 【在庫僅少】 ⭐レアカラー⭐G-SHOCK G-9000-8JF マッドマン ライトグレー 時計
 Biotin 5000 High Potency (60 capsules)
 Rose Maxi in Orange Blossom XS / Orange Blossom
---
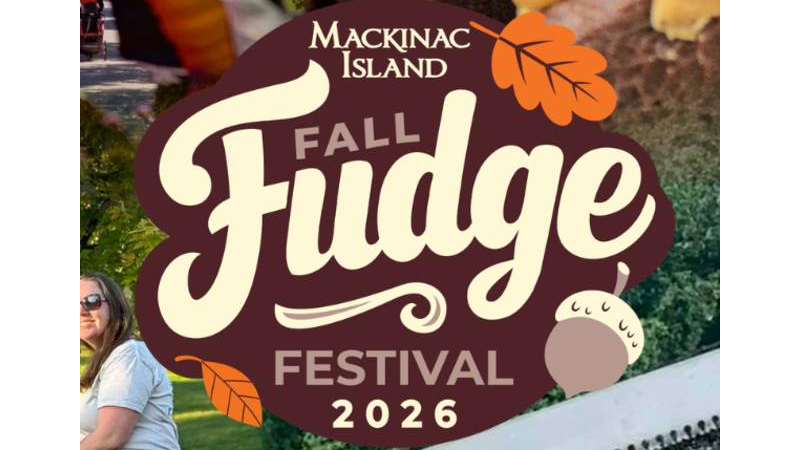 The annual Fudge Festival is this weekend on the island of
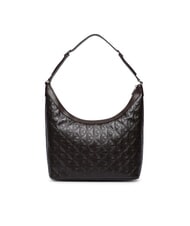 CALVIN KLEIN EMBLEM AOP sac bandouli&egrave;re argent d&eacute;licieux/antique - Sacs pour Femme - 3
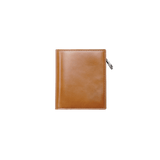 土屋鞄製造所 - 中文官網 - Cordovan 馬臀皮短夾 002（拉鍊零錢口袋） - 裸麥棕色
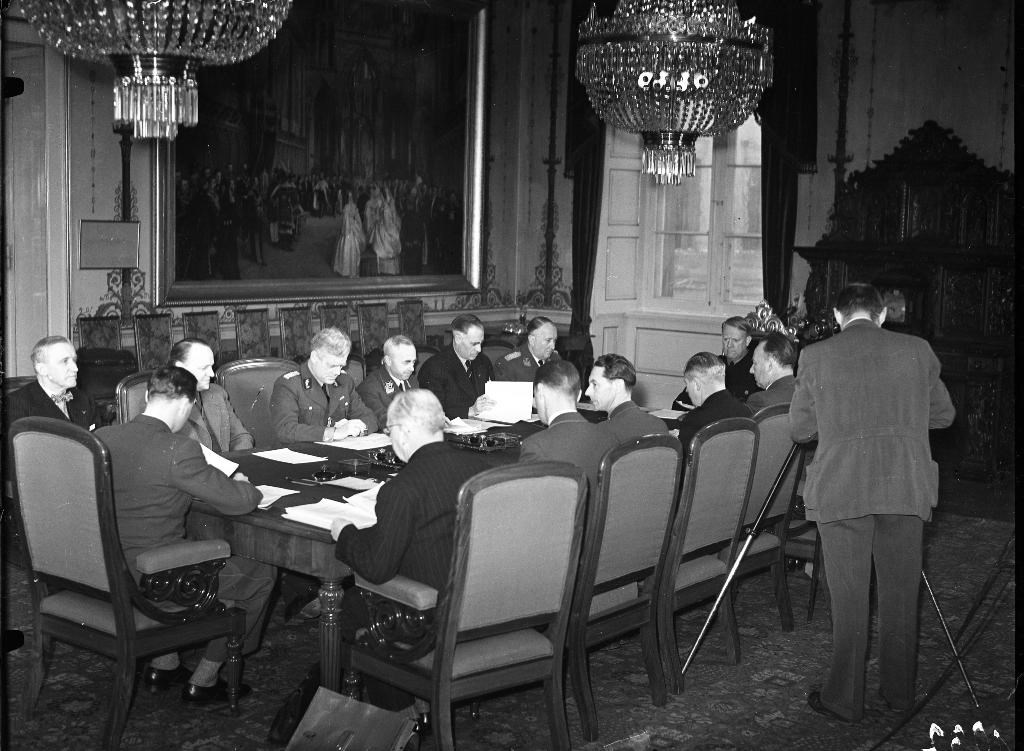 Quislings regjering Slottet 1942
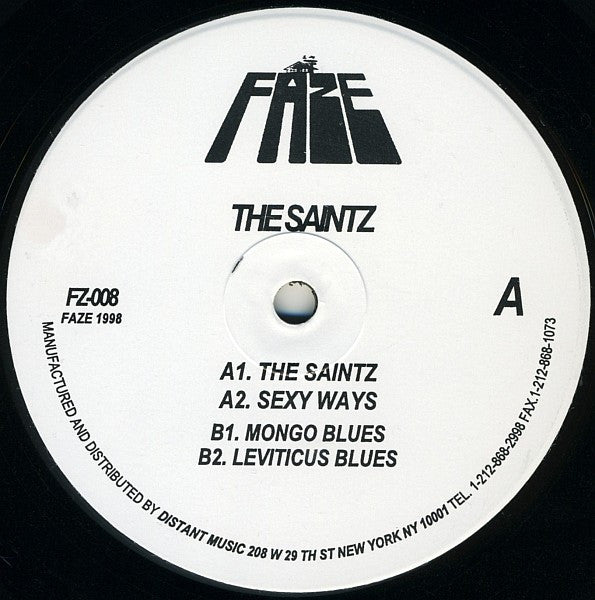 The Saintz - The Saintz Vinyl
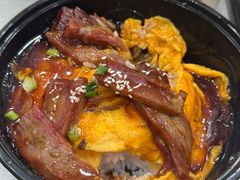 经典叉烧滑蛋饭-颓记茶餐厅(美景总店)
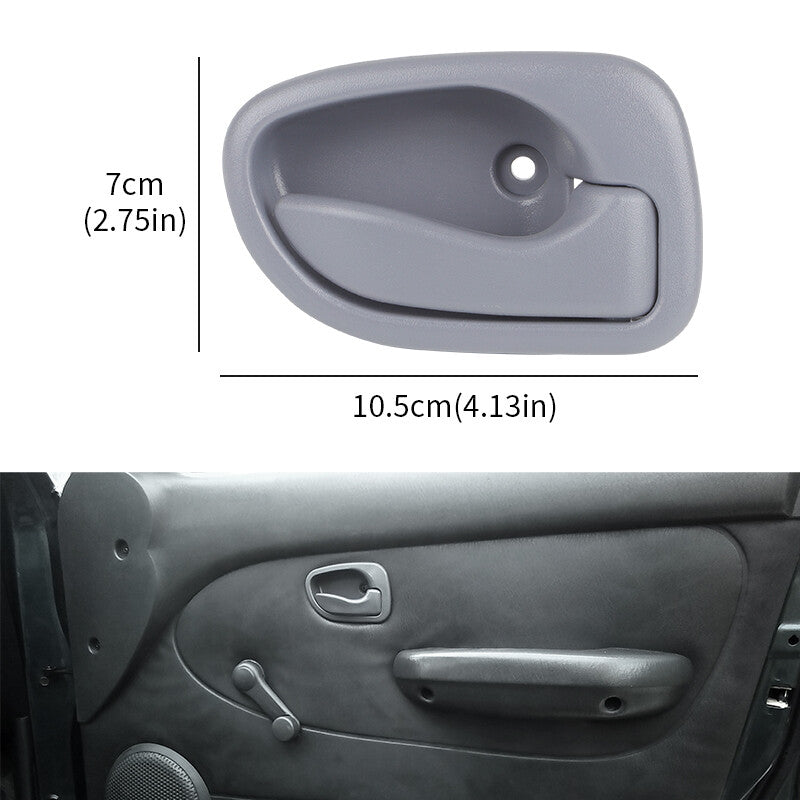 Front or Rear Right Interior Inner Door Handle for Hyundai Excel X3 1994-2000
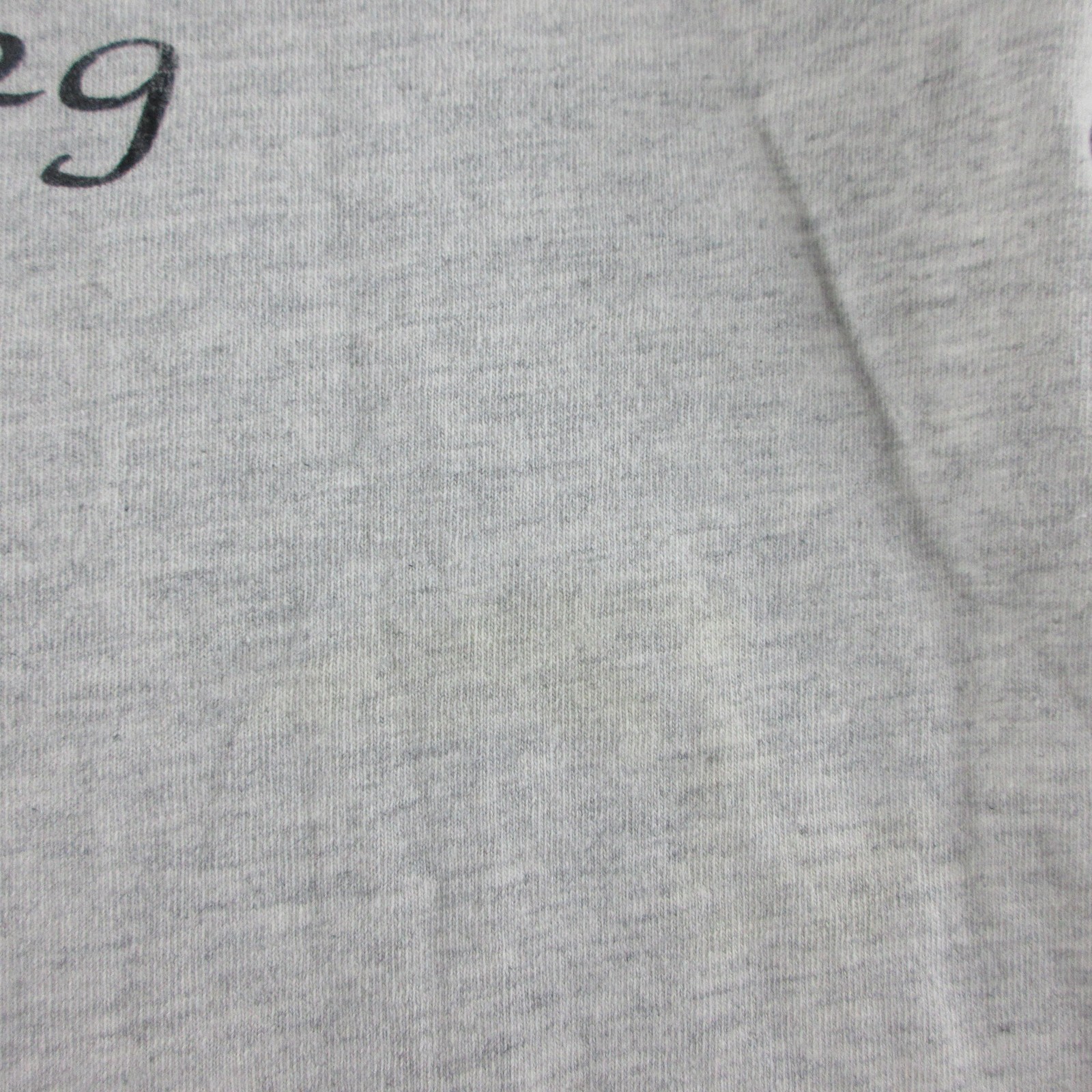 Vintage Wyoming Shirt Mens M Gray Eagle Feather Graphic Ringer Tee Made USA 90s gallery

» **Your objective**:
Above are the records; print exactly the lines from the line with "マッドマン ライトグレー 時計" to the line with "Rose Maxi in", including both, and nothing else.

» **Response box**:
 【在庫僅少】 ⭐レアカラー⭐G-SHOCK G-9000-8JF マッドマン ライトグレー 時計
 Biotin 5000 High Potency (60 capsules)
 Rose Maxi in Orange Blossom XS / Orange Blossom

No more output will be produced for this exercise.